Das Riskieren einer ernsthaften Torhüter-Debatte
Auch in der Champions League zeichnet sich bei den gespielten Bällen ein ähnliches Bild ab. Allerdings zeigte Chevalier in diesem Wettbewerb eine deutlich schlechtere Abwehrquote mit gerade einmal 47 % zu ebenfalls 67 % bei Safonov. Auch kassierte der Franzose mehr Gegentore, als erwartbar gewesen wäre. Bei der ursprünglichen Nummer 2 halten sich die tatsächlichen 3 Gegentore mit 2,78 erwartbaren Gegentoren wiederum regelrecht die Waage. Von daher ist eine gewisse Rotation nicht so abwegig, wie es auf den ersten Blick erscheinen würde.
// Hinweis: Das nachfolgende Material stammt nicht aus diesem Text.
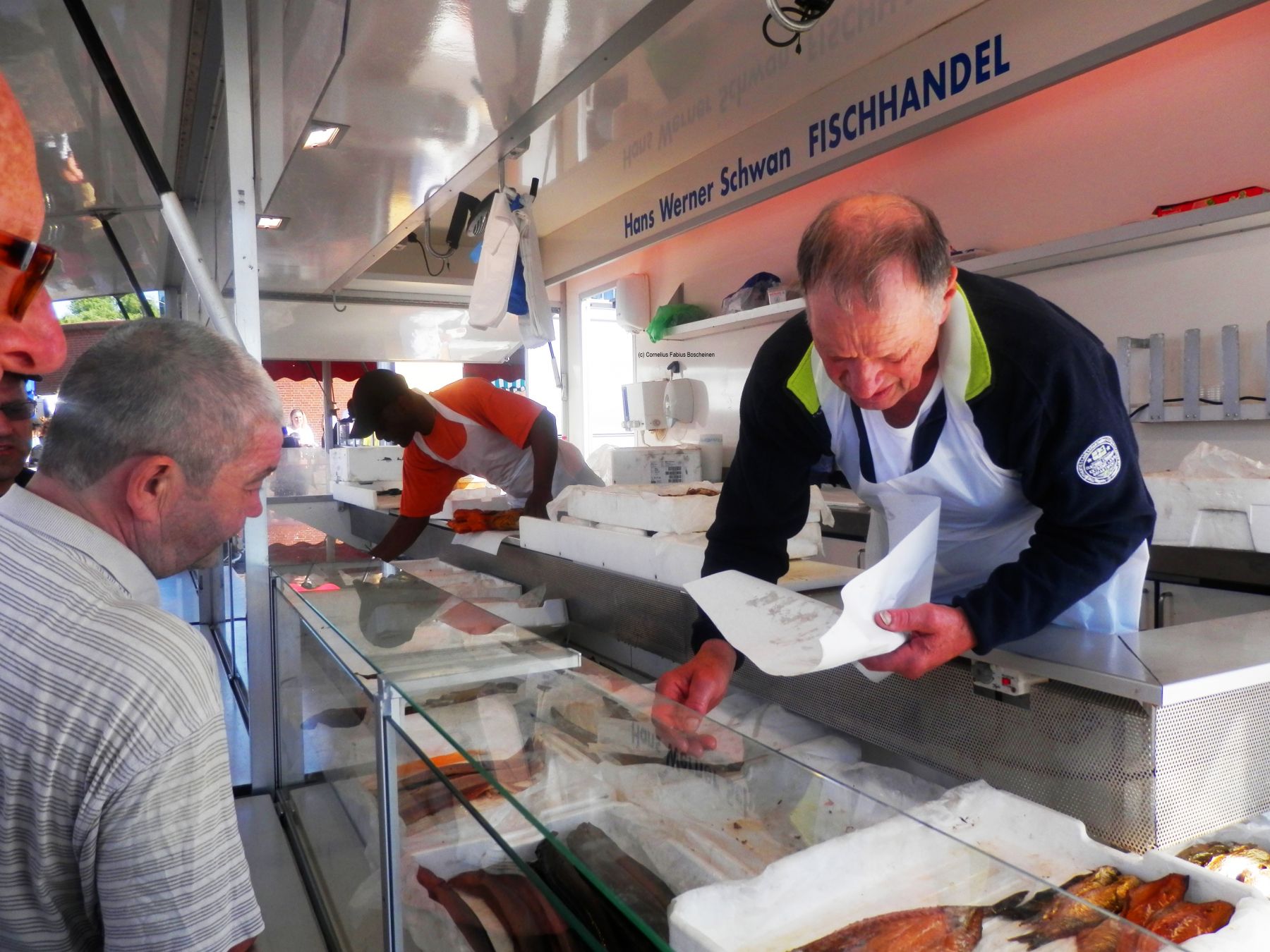 Fischverkäufer auf dem Altonaer Fischmarkt. Das letzte Stück geht auch noch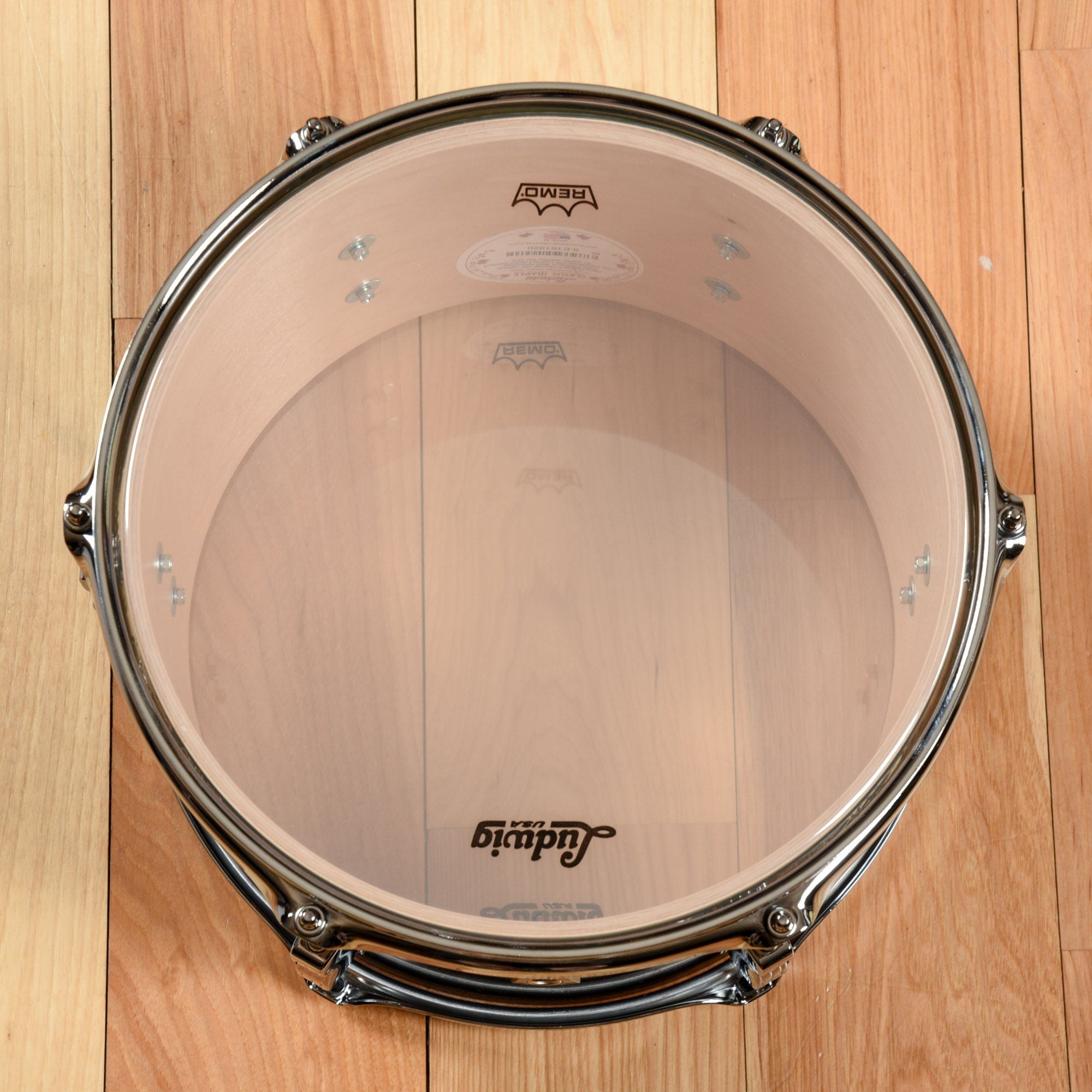 Ludwig Classic Maple 12/14/20 3pc. Drum Kit Black Cortex w/Bamboo Strata Hoop Inlays Drums and Percussion / Acoustic Drums / Full Acoustic Kits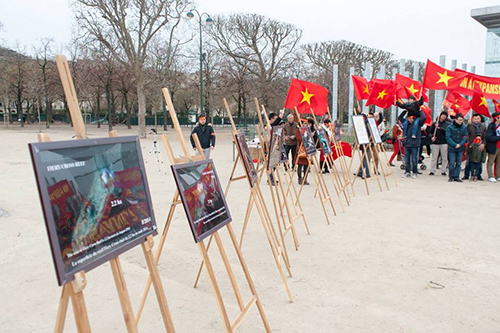Hội người Việt ở Pháp còn trưng bày hình ảnh về các hoạt động của Trung Quốc xâm phạm chủ quyền Việt Nam ở Biển Đông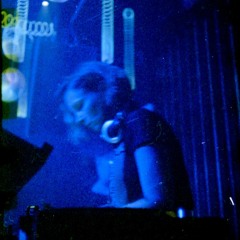 ISNT@ about:blank // Room4Resistence & Brutaż (dj set)
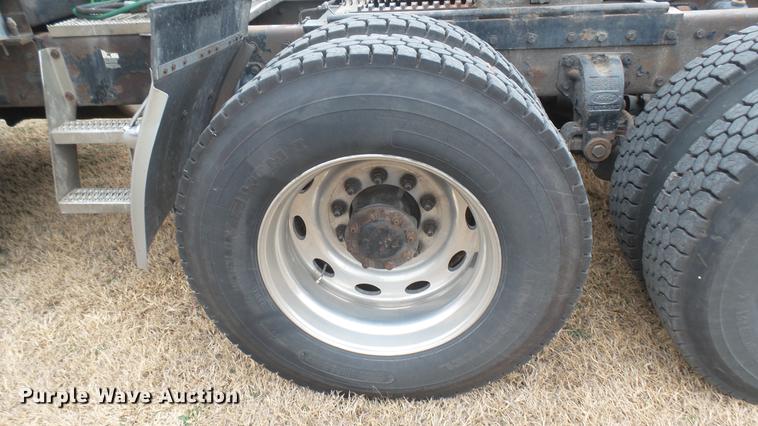 image for item DC1898 2000 Peterbilt 378 semi truck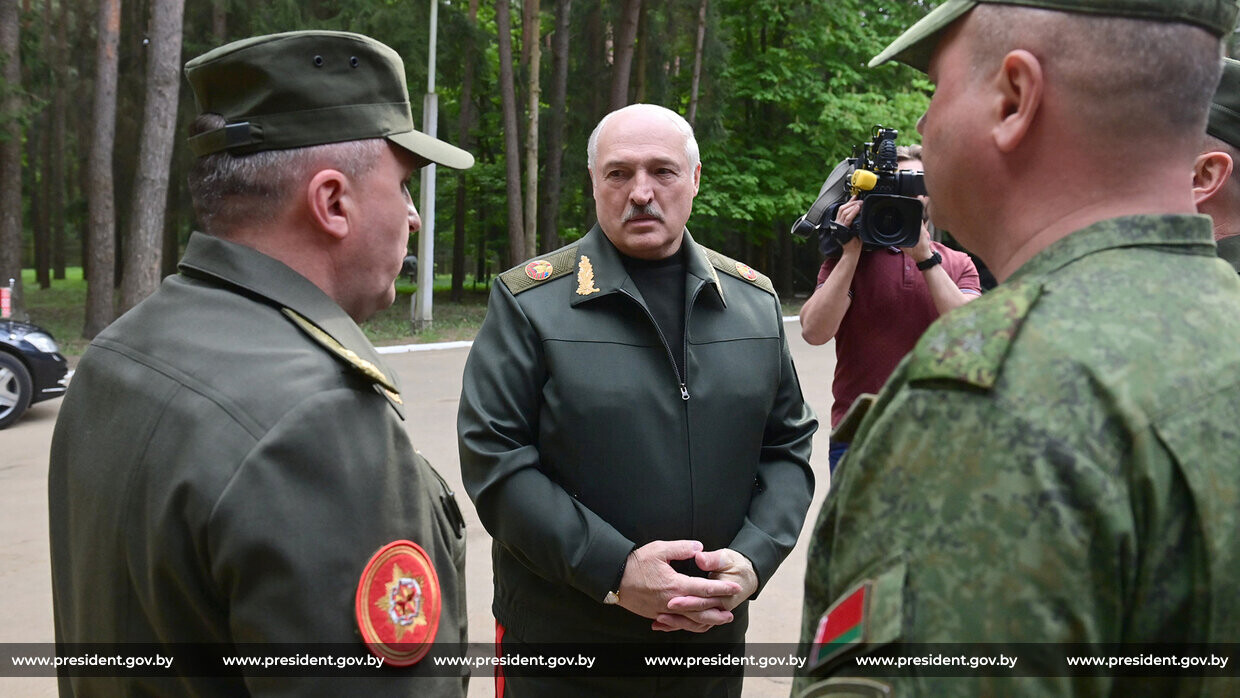 Лукашенко посетил командный пункт ВВС и войск ПВО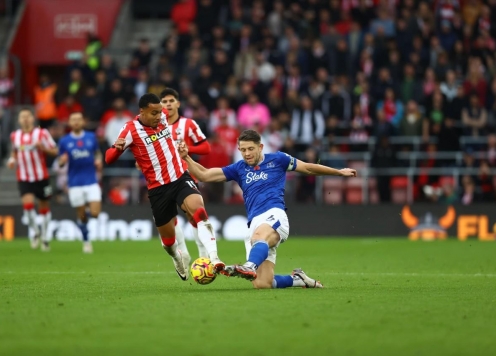 Everton dễ dàng nhấn chìm Southampton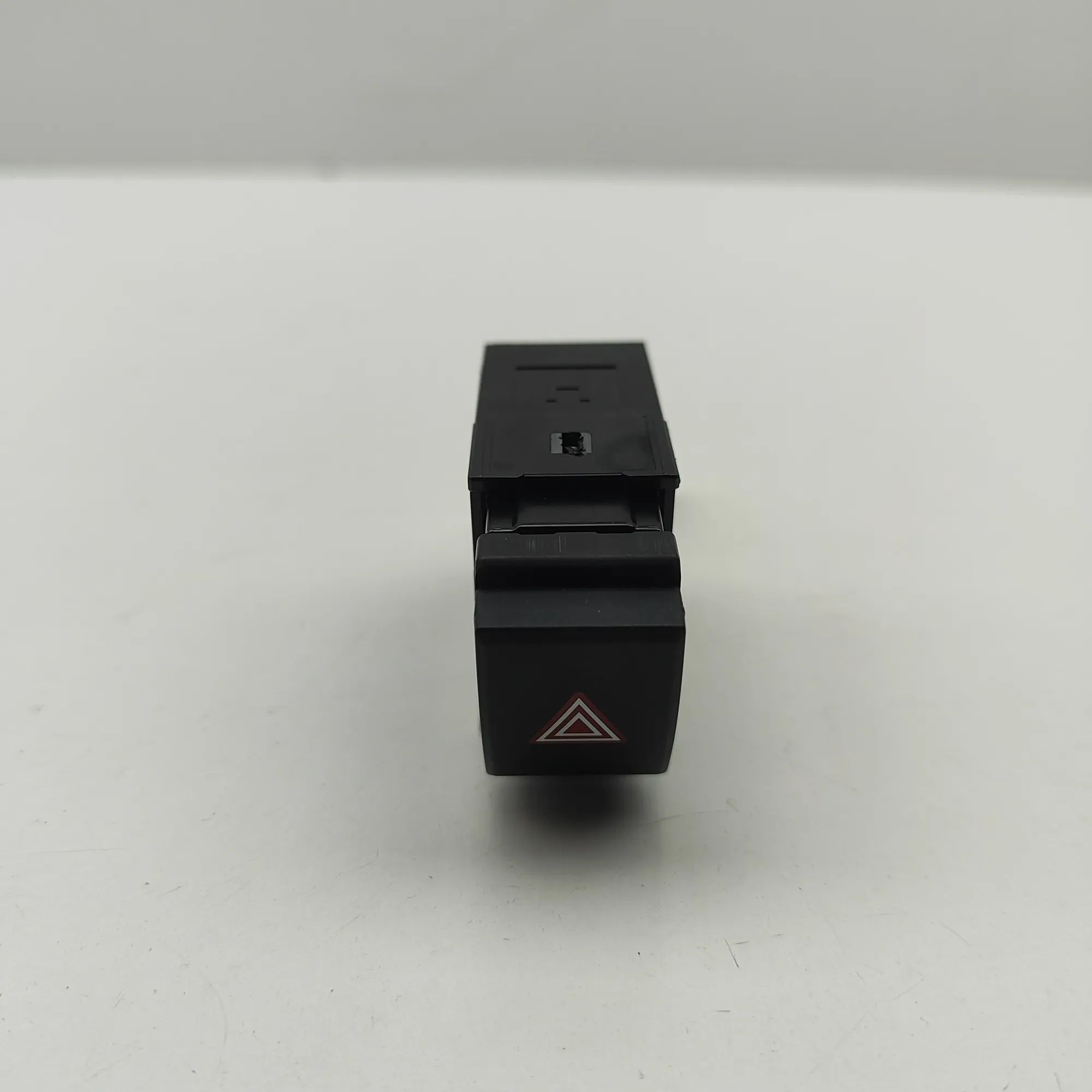 Lexus NX Hazard warning switch Hazard warning switch — LEXUS NX (II _A2_, _H2_...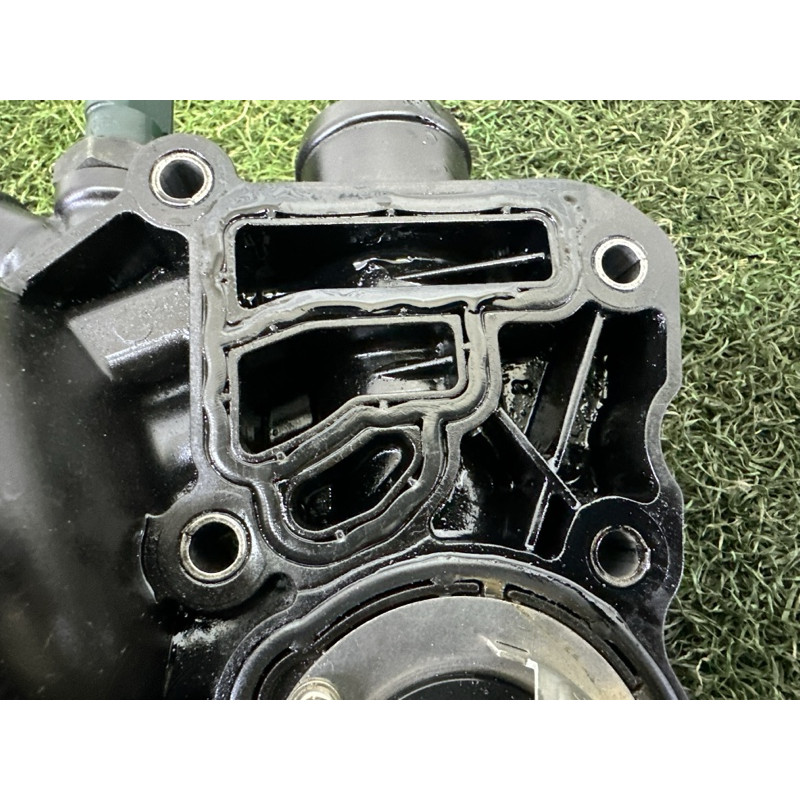 Корпус масляного фільтра (двигун та елементи) AUDI Q7 4L 2015 3.0 CNRB 059115389P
Zudem zeigte Luis Enrique bereits als Cheftrainer des FC Barcelona einen gewissen Hang zur Torhüter-Rotation, als er Claudio Bravo in der La Liga einsetzte und der damals junge Marc-André ter Stegen im Pokal und in der Champions League zum Einsatz kam. Als Bravo ging und dafür Jasper Cillessen von Ajax Amsterdam geholt wurde, übernahm Ter Stegen die Bravo-Position. Damit erhielten zwar mehrere Torhüter unter Luis Enrique Spielpraxis, aber das unumstrittene Vertrauen erhielten die Keeper dabei nie. Ähnlich verhielt es sich mit Gianluigi Donnarumma und Matvej Safonov, und auch jetzt mit Chevalier und Safonov entwickelt es sich in eine ähnliche Richtung. Damit aber kann der Trainer auch durchaus die Reputation und die Leistungen seiner Torhüter beschädigen und unbedachterweise dafür sorgen, dass sie nicht mehr ihr eigentliches Potenzial abrufen können.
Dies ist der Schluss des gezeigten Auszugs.